The Gather Intel action is a fascinating thing in itself. It pulls the “camera” of the mechanics back to the level of conflicting organizations, rather than the individual scale. The text suggests three factors to guide the DM in setting DCs for Gather Intel checks: size (bigger groups have more information leaks), covert nature (that is, how much their existence is a secret), and how much work they put into counterintelligence. There are no hard numbers laid out here, any more than there are for Arcana or History checks.

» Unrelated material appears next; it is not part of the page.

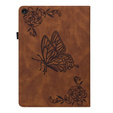 Husă pentru Lenovo Tab M10 Plus 10.6 Gen 3 TB-125F TB-128F, Butterfly, maro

The big combat-changing effect of Gather Intel is that on a success, you learn one type of creature you’ll face when you confront that organization, and when you do fight creatures of that type from that organization, they’re vulnerable to a number of your attacks equal to your establishment level. Tacking vulnerability to attacks on top of Sneak Attack is certainly a recipe for rogues feeling like rock stars, even more so if they’re Assassins. Of all the crazy high-powered stuff that strongholds have handed out so far, this might be the scariest to me.

Establishments can also convert money into favors. These benefits come from stronghold types your PC or NPC allies control. Favors get you through tight spots, like when you need just one ten thousand of those men that do no work today to survive some sort of big upcoming battle. (That is, you buy an extra 500 points of units. Glancing ahead to the Warfare chapter, that’s probably about one unit?)

The only surprising thing to me is that there’s no explicit rule for PCs performing counterintelligence, but I think you could fix that with one or two more Gather Intel questions.

Conclusion

That’s where I’m going to leave it for this week. We’re about halfway through the Strongholds chapter. Overall, I like what I’m seeing so far. I have quibbles over individual granted features, because I know I would struggle to embrace the “go big or go home” ethos expounded in the text. The text has a good balance between ease of use and depth of support so far. I’m particularly interested in what’s coming up next, when each class gets an extra class feature, demesne effects, and stronghold actions.